Apple is not only tweaking its App Store rankings to downrank pay-per-install applications, it may be actively banning these applications from the App Store. According to Tapjoy, several developers within their network are receiving rejection notices from Apple because their applications feature a pay-per-install promotion.
This cross-application promotion lets users buy virtual in-app goods by downloading other applications instead of sending a payment. This practice has been criticized because it artificially boosts the download counts of applications. Users download these advertised applications because they want something for free, not because the app is desirable.
Tapjoy claims these incentive-based downloads are not directly prohibited by Apple's developers guidelines, but believes Apple is applying section 3.10 to apps within its network.
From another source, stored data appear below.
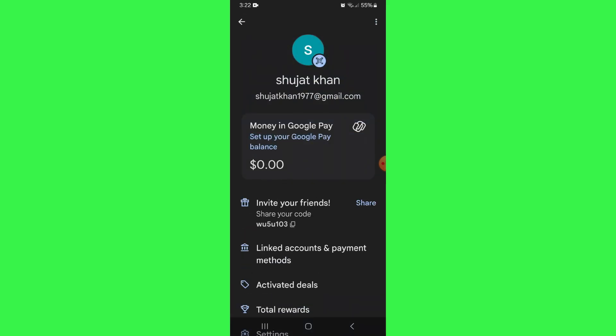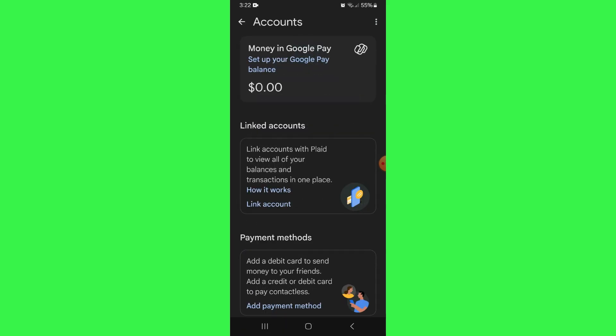Inside this menu, tap on the linked accounts and payment methods feature and this window will appear in front of you.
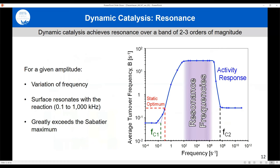Plotting average turnover frequency as a function of applied surface frequency: the static optimum is about 0.25–0.3 turnovers per second. As applied frequency increases, we enter a linear region reaching about 30 turnovers per second. This is the resonance frequency — where applied dynamics match the natural dynamics of the reaction. This extends up to about 1 MHz, at which point we can no longer fill the surface fast enough and the rate drops.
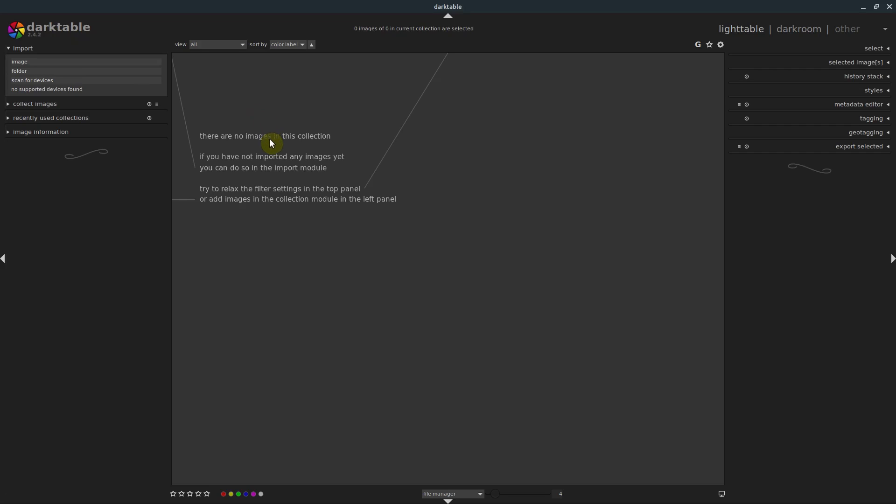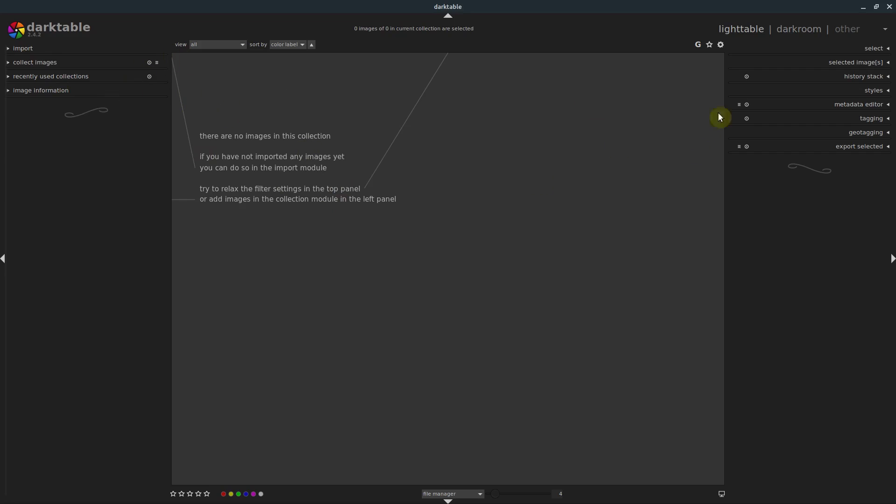If you don't already have Darktable, you can download it for free for Windows, Linux, and Mac. Check out my other videos where I show how to do that. But in this video, we're going to be exploring the interface of Darktable, and we're going to be bringing in some pictures and showing you just what it can do and how to get started with the very basics.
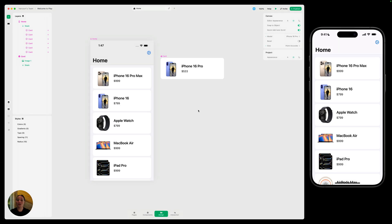Hey, it's Hargit from Play. Welcome to the second video in our Introduction to Play series. In this video, we're going to focus on prototyping. First, I'm going to show you how you can create an interaction by adding a trigger and an action to your design. And then I'll show you how you can add advanced interactions to your design in seconds using prefabs.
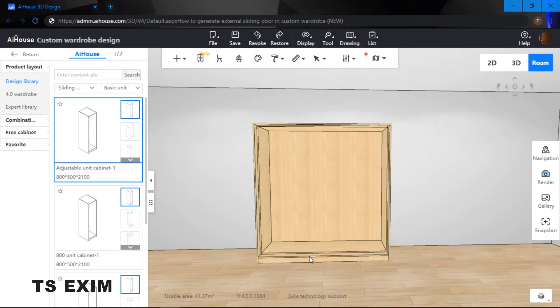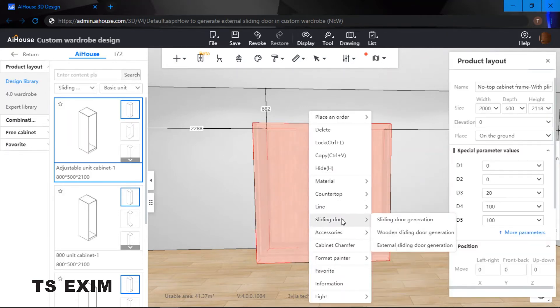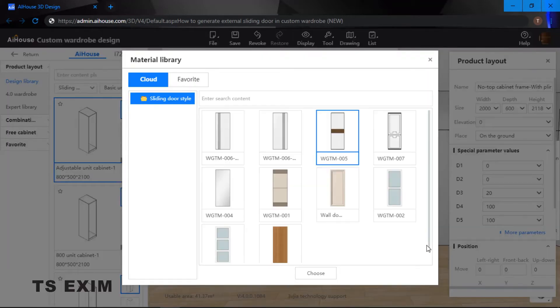Alright, so for the new update we have a new function and it's called the external sliding door. So all we need to do is right click onto our frame and then select the sliding door and over here as you can see this is where you generate your external sliding door.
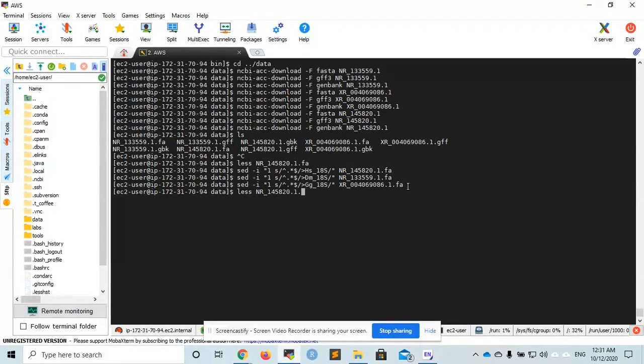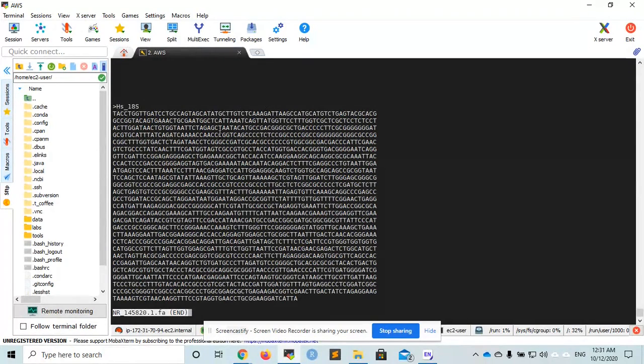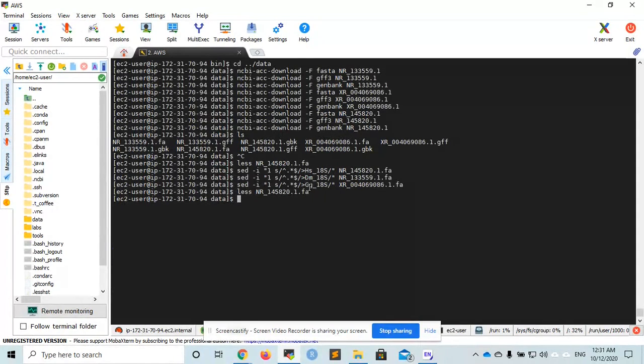Now, if I open one of these files, I will see that the header line has been modified to Homo sapiens 18s, and so forth for Drosophila melanogaster and Gorilla.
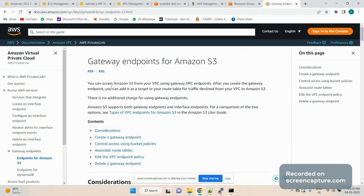You can access Amazon S3 from your VPC using a gateway VPC endpoint. After you create the gateway VPC endpoint, we have to add it as a target in our route table — specifically in the route table of the subnet from which you want to access the S3 bucket.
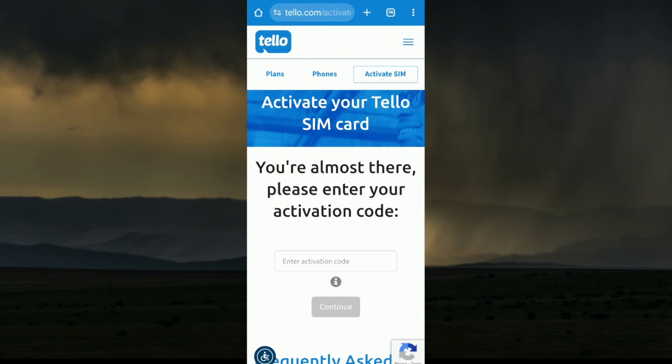After that, you need to go to the website and purchase the Telo Mobile plan. If you haven't already, go to the Telo website or Telo Mobile app and select a plan that works for you. During checkout, select the eSIM option instead of the physical SIM card.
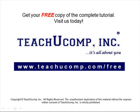Get your free copy of the complete tutorial at www.teachucomp.com forward slash free.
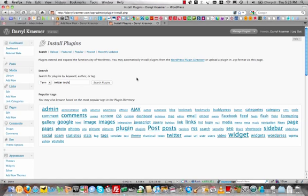Hi, it's Daryl Kramer from DarylKramer.com and I'm just going to walk you through getting Twitter tools up and running on your blog so that every time you post a new entry, you auto-tweet that to your Twitter account.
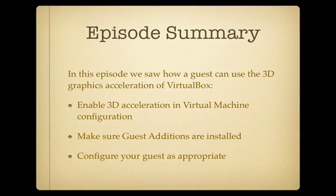Okay, so in summary, we needed to do three things to get wobbly windows in our guests. Number one, we had to enable 3D acceleration in the virtual machine configuration. We did that via the VirtualBox graphical user interface, but you can do it through the command line as well. Secondly, you had to make sure that the guest editions are installed inside of your guests, whether it's Windows, Ubuntu, or any other type of Linux or OpenSolaris guest. Make sure they're installed.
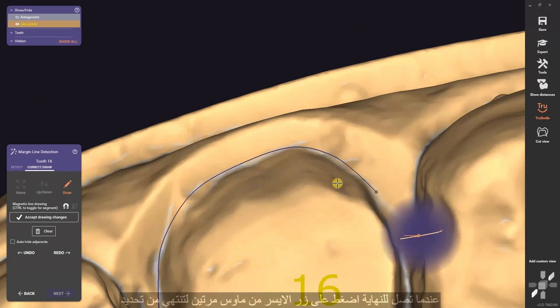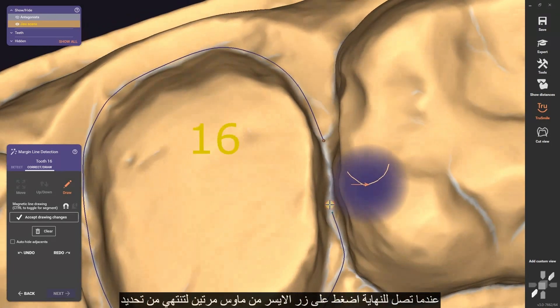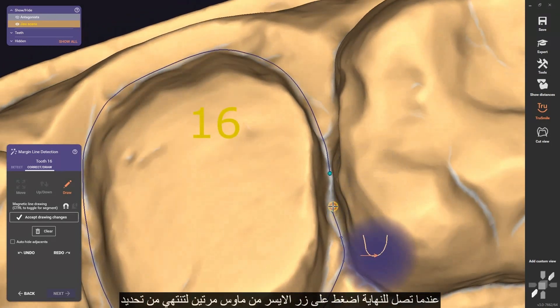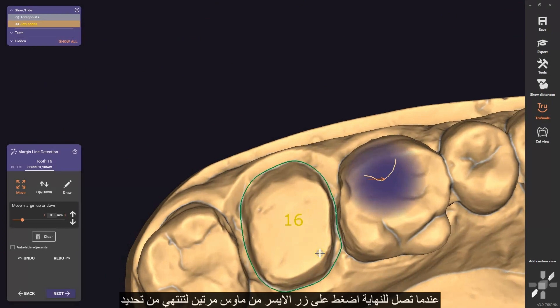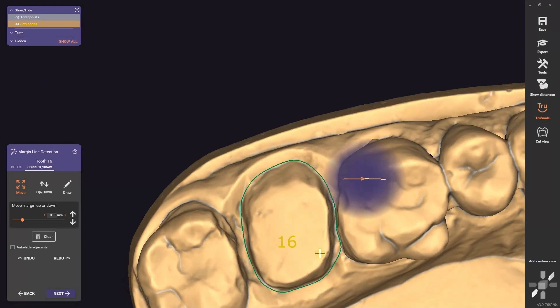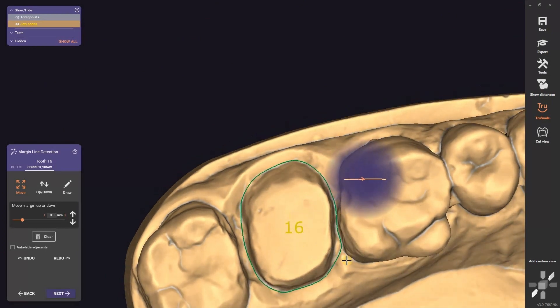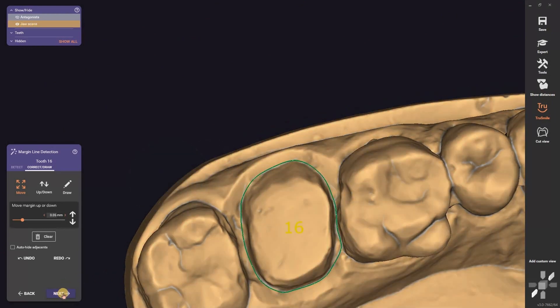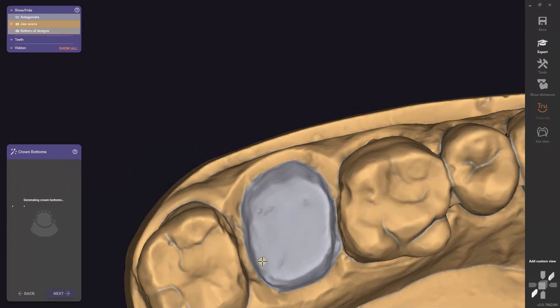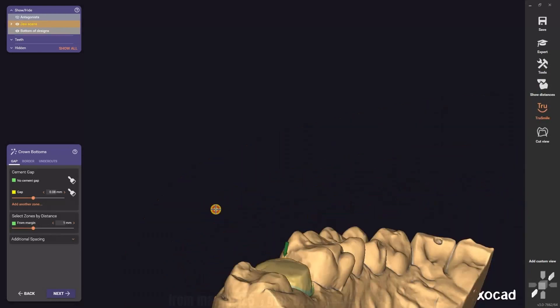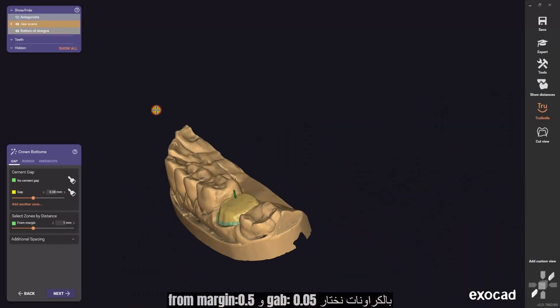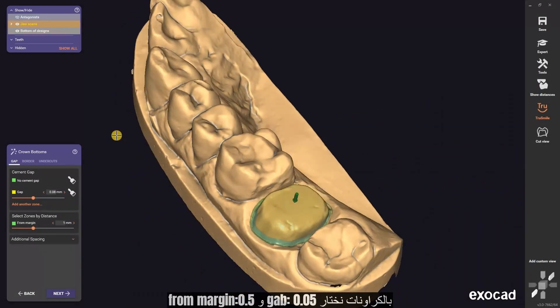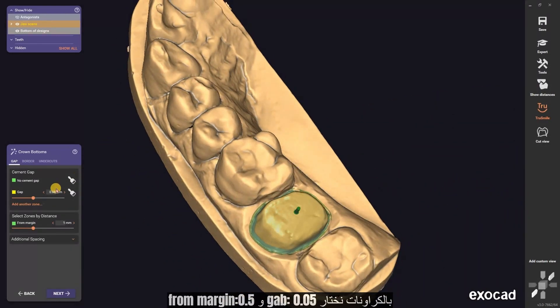When you arrive at the end, press the left click double time to finish detecting. Now we are on the crown bottoms part.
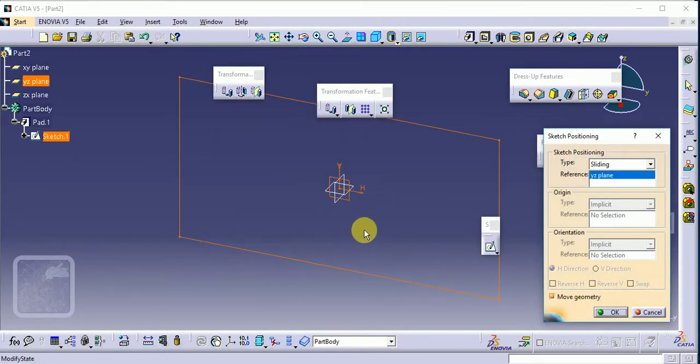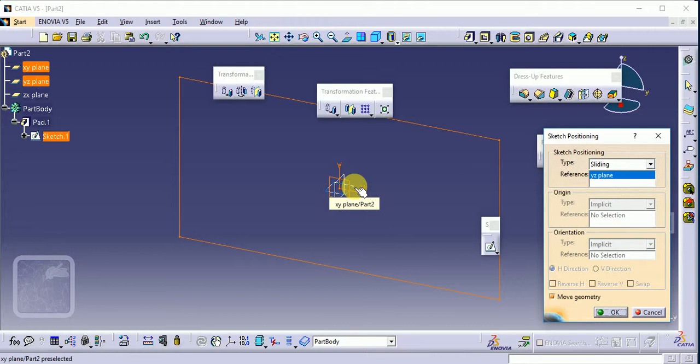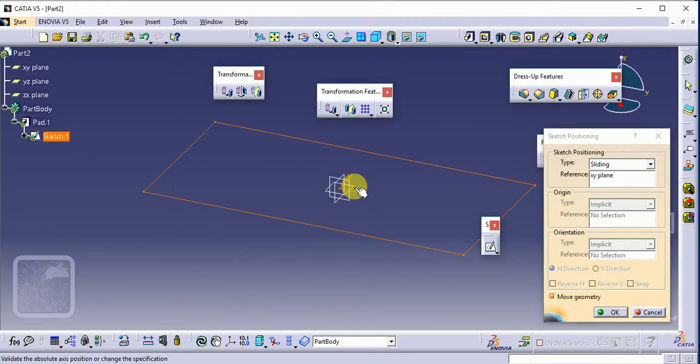Based on that we have to select our reference plane on which we have to create our profile. This one is our reference plane. Click on the OK button.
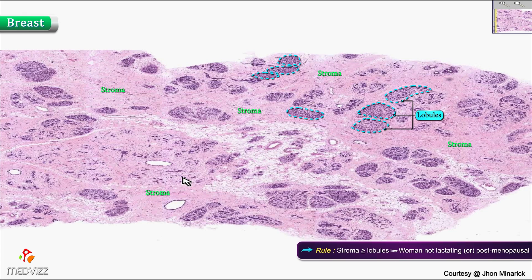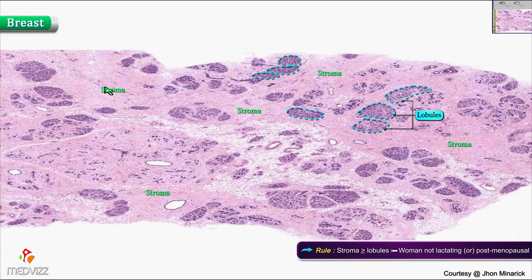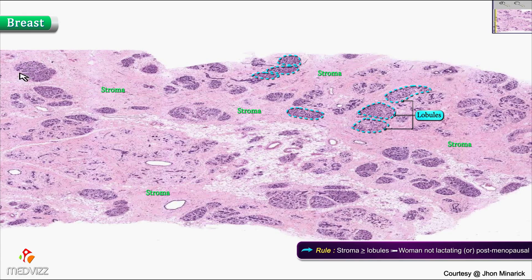The rule of thumb is that if the stroma is about the same or even more abundant than the lobules, this is probably a woman who is not producing much milk. This could be somebody who is postmenopausal. Basically, the more postmenopausal you get, the higher the ratio between the stroma and the glands or the lobules.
Section 3.10 of Apple's developer agreement states:
Developers who attempt to manipulate or cheat the user reviews or chart ranking in the App Store with fake or paid reviews, or any other inappropriate methods will be removed from the iOS Developer Program
Tapjoy defends its pay-per-install model by claiming the system is misunderstood. It acknowledges that campaigns may boost the downloads of some participating developers, but the overall model is beneficial to users, advertisers, and developers. Tapjoy supports the recent changes to Apple's ranking algorithm and is asking Apple to reconsider its unofficial ban on pay-per-install applications.